Extracted records.
= = = = = = =
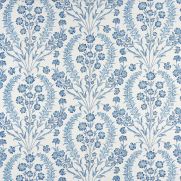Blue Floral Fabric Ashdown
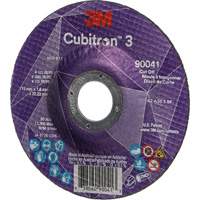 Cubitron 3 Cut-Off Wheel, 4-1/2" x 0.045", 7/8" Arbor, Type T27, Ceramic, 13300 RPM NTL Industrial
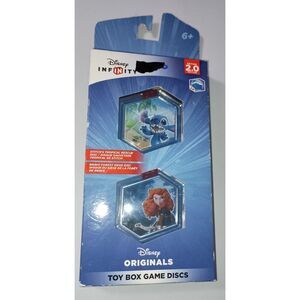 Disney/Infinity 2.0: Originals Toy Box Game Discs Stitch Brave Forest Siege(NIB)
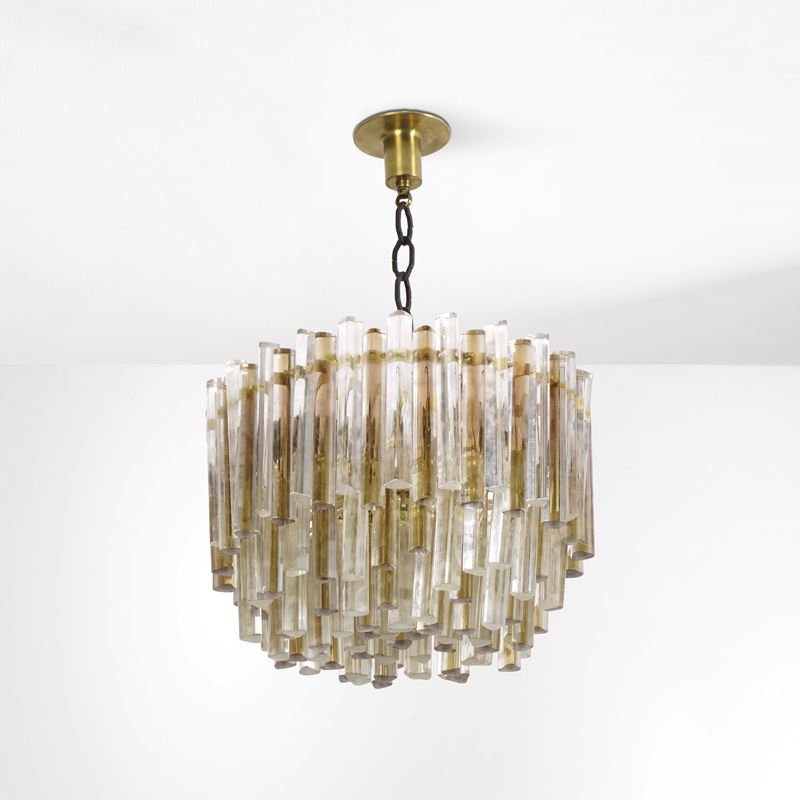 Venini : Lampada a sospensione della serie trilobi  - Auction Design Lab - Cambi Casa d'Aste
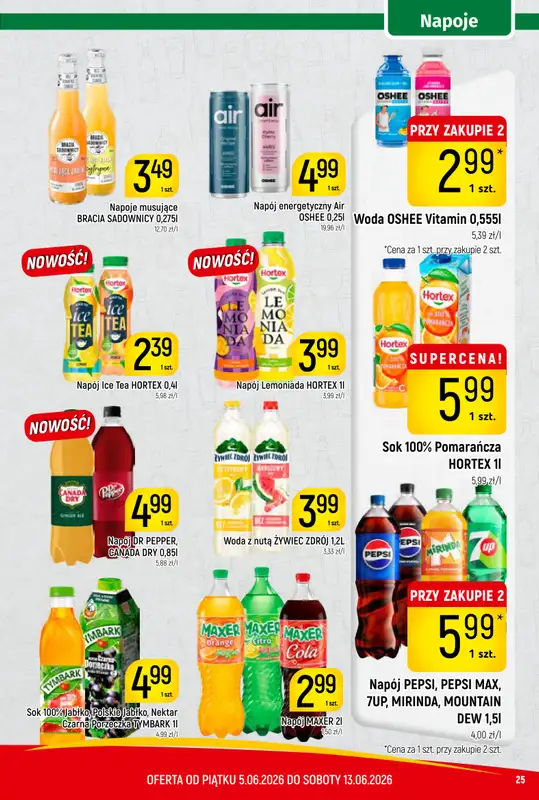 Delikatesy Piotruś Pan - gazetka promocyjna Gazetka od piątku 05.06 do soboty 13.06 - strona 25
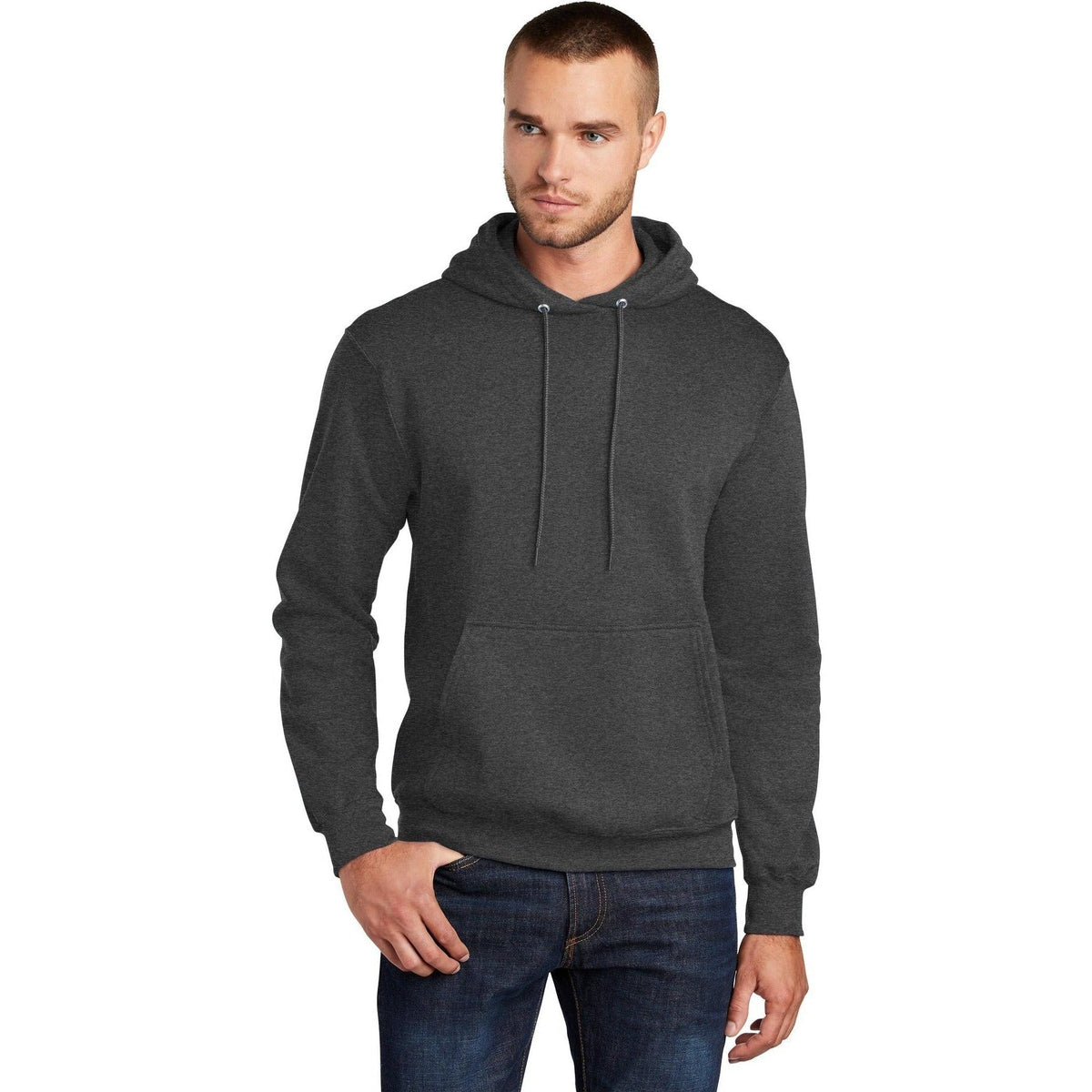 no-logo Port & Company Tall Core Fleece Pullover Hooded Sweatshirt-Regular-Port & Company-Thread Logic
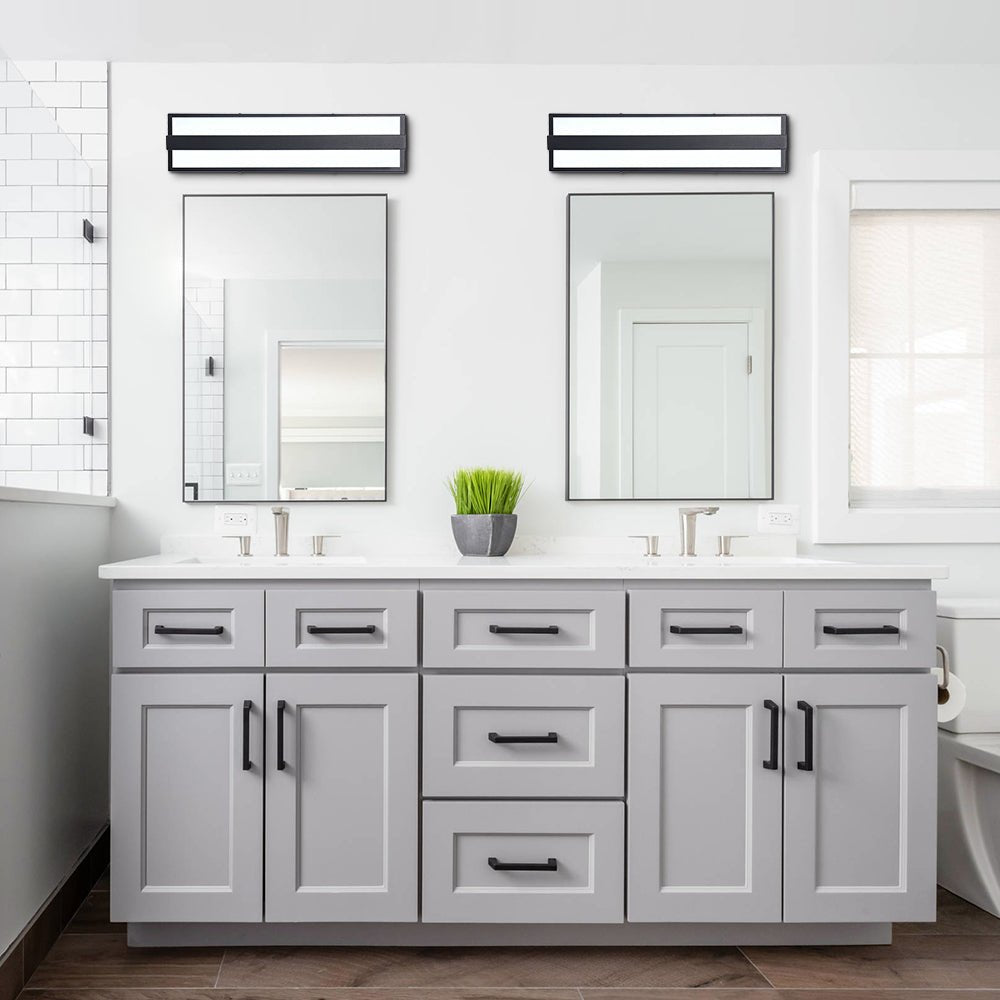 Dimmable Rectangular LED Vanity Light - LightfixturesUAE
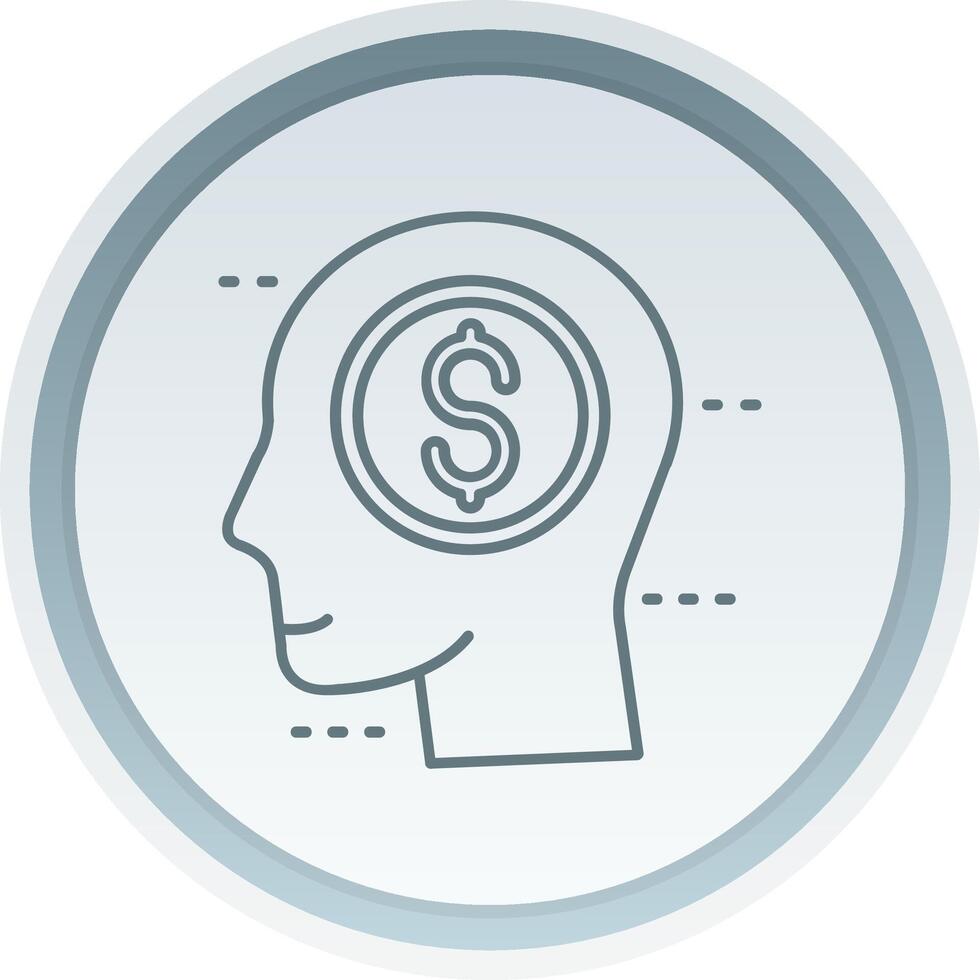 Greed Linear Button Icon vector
= = = = = = =
Set out, exactly as given, the line that contains "no-logo Port &" along with each line after it through the end of the records above; omit the pictures.

 no-logo Port & Company Tall Core Fleece Pullover Hooded Sweatshirt-Regular-Port & Company-Thread Logic
 Dimmable Rectangular LED Vanity Light - LightfixturesUAE
 Greed Linear Button Icon vector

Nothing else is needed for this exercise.